If you are dealing with multiple systems and a dedicated backup system and terrabytes of space, I would think it is way past time to adopt some backup software that supports that kind of thing and automates the process for you. If I were doing it, I would implement Amanda. But it sounds like you may have some other issues to resolve first, such as space and resources on your backup server compared to your backup needs. Amanda can handle the encryption as well as the other things you are dealing with; but, like anything, it needs adequate disk space to work with.
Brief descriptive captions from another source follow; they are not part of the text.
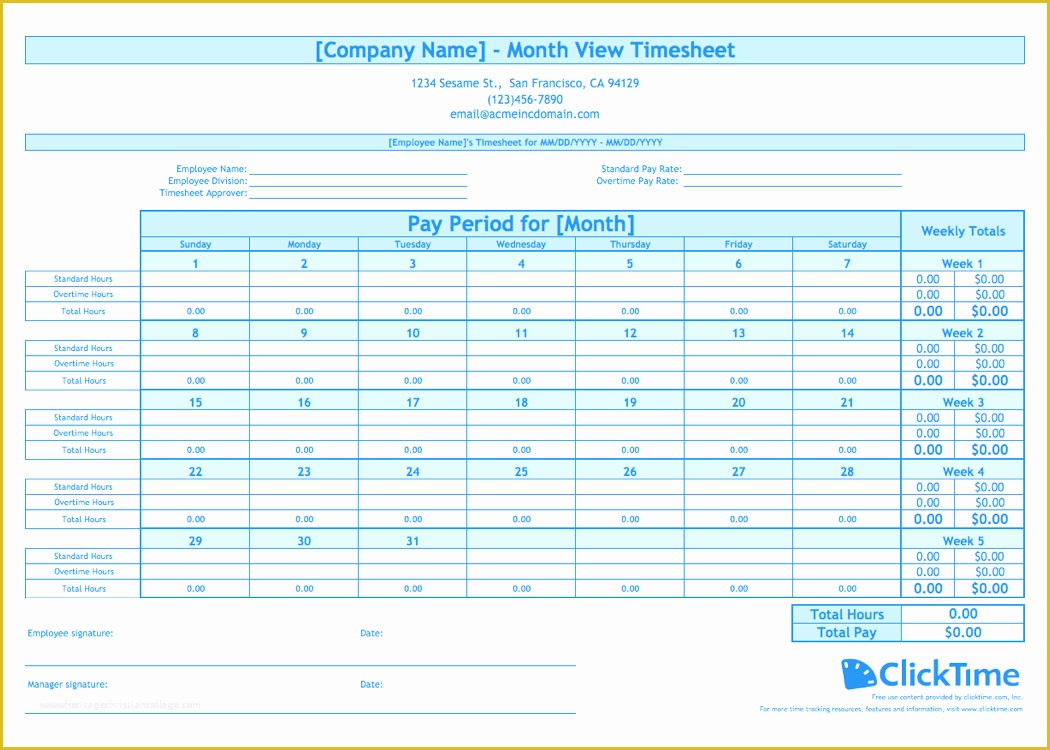 Free Timesheet Template Excel Of Free Monthly Timesheet Template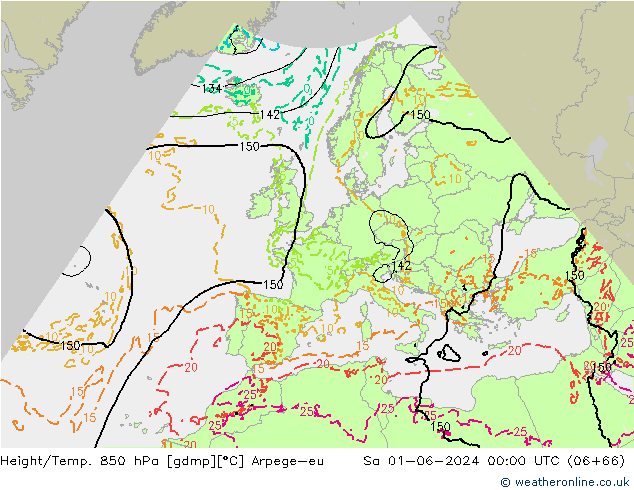 Geop./Temp. 850 hPa Arpege-eu sáb 01.06.2024 00 UTC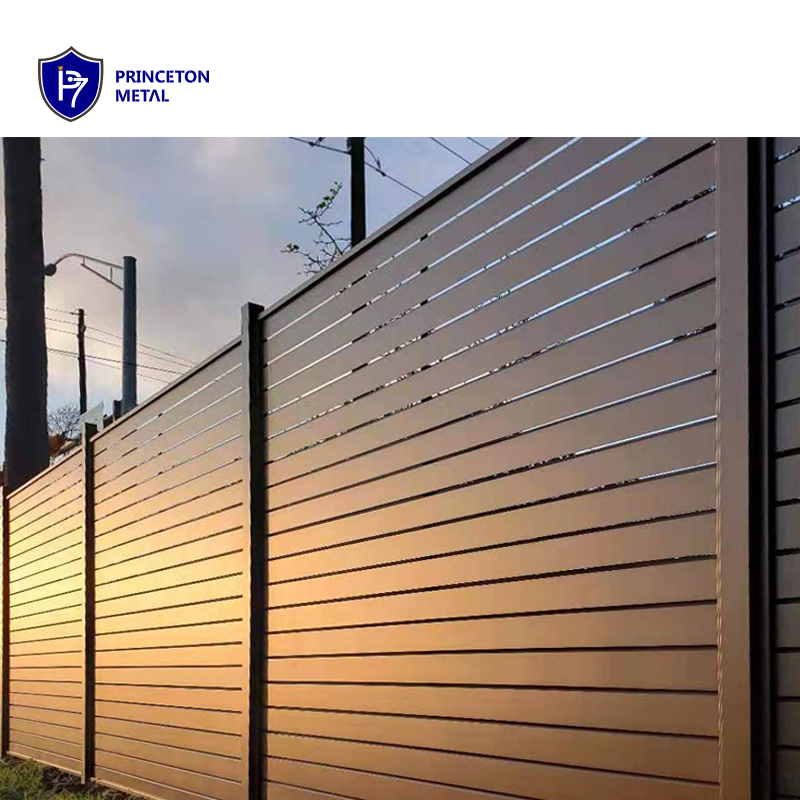 Whole Semi Privacy fence black white grey no dig screen horizontal aluminum slat fencing panels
We have adequate disk space for the task at hand - I still have free space on the backup volume. It just happens that two of the backups are larger than the free space available, making encrypting to disk first not a feasible option. Right now, we have all of our windows servers use ntbackup to back themselves up to a Samba share on this Ubuntu backup server. Once the backups are complete, I have a tar script that writes the files to the tape drive, advancing the tapes as required. This server *used* to be Windows with BackupExec, but it performed like crap and BackupExec was buggy so I wrote an in-house application to control when the backups run and scripted this tar command to write the files to disk. Normally, the only human intervention is to change the tapes when it emails me to.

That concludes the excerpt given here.